We mentioned the increased, and increasing, number of requirements on development teams today. Cloud computing began with Private, Public, Hybrid, and Community Clouds. These cloud formations would be capable of providing: on-demand self-service, broad network access, resource pooling, rapid elasticity, and measured service. Certainly, the hyperscaler cloud providers have been able to achieve all these provisions in a Public Cloud environment and are well underway of moving the Public Cloud experience into Private and Hybrid Cloud solutions.
Just as infrastructure virtualization services were centralizing on x86 based components, Docker and Kubernetes began to become mainstream. Container technology is now found in most information infrastructures and serves as a fourth-generation virtualization experience platform. Kubernetes supports both centralization trends and a de-centralization trends, simultaneously.
Kubernetes has enabled the centralization of legacy information infrastructure tools, rules, and requirements onto a common set of shared and sharable work planes. Kubernetes enables the de-centralization (off its centralizing components) to extend what was the data center-as-a-glass house to many organizational edges. It is consuming legacy infrastructure with the promise of reduced cost of ownership and operation, becoming an effective standard for cloud-based computing of all types. That is has become a trusted delivery vehicle for the five NIST cloud characteristics in such a short time is remarkable to the point of not having words to describe it.

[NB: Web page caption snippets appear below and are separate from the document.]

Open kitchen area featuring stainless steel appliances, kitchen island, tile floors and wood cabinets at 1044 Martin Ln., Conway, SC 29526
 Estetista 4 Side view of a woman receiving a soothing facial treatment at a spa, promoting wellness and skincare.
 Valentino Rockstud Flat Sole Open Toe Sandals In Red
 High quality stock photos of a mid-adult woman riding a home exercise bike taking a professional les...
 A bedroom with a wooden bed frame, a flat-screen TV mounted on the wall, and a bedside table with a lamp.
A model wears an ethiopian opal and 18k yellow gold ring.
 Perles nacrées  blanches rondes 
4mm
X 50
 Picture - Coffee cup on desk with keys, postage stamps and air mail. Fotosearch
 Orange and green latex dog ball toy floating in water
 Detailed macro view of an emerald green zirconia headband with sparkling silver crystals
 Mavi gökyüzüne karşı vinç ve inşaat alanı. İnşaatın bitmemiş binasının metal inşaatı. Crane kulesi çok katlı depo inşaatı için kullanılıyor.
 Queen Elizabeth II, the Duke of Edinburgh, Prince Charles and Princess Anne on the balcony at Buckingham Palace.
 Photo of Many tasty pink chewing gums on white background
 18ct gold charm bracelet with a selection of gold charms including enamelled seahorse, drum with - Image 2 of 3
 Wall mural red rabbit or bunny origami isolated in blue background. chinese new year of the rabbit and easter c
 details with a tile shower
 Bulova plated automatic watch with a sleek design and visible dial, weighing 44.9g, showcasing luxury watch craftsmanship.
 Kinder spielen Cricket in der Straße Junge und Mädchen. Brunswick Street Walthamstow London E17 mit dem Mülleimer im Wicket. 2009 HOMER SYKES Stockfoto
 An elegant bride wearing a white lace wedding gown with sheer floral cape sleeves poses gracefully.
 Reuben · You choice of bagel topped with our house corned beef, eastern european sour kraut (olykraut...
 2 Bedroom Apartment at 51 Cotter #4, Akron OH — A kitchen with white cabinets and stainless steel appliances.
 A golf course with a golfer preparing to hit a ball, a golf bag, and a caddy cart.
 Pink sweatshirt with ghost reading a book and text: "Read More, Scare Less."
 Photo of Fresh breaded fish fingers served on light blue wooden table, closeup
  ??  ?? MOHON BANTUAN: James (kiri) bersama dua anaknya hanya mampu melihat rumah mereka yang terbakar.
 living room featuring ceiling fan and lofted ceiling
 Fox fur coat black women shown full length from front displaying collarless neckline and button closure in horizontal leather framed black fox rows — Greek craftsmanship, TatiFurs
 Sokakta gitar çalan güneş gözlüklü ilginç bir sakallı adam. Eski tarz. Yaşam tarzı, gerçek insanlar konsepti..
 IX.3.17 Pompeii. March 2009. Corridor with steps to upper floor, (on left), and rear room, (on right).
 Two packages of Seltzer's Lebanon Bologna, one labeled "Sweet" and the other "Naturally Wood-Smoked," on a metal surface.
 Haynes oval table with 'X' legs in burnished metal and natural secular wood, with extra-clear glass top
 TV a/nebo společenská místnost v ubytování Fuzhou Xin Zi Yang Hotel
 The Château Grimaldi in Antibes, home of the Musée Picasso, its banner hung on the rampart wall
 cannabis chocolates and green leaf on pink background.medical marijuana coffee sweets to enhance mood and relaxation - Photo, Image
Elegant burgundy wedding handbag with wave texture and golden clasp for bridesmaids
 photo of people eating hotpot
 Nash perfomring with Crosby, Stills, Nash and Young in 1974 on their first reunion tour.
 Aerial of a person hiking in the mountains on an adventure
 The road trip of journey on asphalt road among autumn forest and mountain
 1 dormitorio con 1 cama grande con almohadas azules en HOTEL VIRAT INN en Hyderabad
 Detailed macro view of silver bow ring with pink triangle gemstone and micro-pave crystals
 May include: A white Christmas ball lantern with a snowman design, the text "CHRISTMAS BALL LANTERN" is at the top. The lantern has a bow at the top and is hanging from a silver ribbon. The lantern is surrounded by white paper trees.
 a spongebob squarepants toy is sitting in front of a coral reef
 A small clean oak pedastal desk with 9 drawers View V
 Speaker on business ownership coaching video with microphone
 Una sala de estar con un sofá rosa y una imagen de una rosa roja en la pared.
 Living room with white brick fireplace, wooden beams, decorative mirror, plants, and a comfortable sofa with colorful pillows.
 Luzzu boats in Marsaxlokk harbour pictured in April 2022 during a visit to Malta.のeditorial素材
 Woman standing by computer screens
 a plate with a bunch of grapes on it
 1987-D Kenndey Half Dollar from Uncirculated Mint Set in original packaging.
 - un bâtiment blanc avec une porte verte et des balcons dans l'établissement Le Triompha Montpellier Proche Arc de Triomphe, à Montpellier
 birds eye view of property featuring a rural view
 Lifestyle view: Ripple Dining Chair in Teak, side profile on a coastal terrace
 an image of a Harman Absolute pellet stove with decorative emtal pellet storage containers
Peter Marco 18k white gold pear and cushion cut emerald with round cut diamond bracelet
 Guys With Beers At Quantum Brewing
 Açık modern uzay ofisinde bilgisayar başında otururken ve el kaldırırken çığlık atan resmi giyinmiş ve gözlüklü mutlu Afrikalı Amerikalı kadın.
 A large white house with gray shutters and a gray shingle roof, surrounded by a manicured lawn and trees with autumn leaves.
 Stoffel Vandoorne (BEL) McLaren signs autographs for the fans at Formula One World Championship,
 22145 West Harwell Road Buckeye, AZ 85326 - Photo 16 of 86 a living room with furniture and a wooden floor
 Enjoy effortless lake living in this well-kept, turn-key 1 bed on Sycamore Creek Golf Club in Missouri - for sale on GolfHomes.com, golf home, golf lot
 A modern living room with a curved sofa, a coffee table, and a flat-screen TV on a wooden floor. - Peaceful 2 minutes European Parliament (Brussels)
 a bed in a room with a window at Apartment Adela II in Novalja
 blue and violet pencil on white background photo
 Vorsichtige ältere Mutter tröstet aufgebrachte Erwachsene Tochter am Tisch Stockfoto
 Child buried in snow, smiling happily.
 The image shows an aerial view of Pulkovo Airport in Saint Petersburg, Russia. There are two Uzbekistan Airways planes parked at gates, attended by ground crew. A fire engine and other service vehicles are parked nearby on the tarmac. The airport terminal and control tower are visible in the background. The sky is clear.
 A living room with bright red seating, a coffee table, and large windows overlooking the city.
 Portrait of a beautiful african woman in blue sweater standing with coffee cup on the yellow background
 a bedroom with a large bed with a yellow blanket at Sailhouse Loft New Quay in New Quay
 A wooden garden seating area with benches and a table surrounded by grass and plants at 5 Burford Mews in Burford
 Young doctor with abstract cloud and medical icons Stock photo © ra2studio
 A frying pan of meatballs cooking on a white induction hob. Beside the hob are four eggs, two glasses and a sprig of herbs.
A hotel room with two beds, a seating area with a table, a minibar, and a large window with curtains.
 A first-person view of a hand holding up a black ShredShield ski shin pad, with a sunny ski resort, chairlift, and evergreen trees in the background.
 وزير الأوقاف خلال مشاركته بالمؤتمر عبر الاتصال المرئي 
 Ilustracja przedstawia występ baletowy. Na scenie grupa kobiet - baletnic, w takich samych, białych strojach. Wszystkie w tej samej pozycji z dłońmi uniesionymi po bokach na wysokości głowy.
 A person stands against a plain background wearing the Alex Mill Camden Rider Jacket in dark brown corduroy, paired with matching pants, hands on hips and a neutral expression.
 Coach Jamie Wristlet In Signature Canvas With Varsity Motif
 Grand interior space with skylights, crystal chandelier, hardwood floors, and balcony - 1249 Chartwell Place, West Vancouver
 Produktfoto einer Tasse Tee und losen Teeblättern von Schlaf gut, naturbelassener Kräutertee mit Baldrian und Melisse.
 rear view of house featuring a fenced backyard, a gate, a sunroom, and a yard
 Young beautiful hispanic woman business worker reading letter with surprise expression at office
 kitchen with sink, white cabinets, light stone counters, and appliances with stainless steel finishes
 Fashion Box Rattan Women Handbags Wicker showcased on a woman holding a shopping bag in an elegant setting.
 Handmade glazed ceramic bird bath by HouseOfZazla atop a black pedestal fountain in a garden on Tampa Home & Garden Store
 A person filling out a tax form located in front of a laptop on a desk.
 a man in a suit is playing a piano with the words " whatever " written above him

Cloud-native solutions came about at a time when omni-cloud, multi-cloud, cross-cloud, and cloud-core-edge were moving past the fog computing phase. Each of these new cloud formations required security, maintenance, and productivity management in order to remain in compliance with corporate governance, availability, and cost.
All that has been accomplished to date in terms of advanced information infrastructure operation and catalog management can be transposed (or refactored) on to cloud-native formats. Data as Code, by managing multiple sets of requirements, and multiple data sources and types, can became a path to working our way out of technical debt and continuing lost opportunity. Data can become a path for organizations to manage transformational modernization and move closer to the edges that represent the future.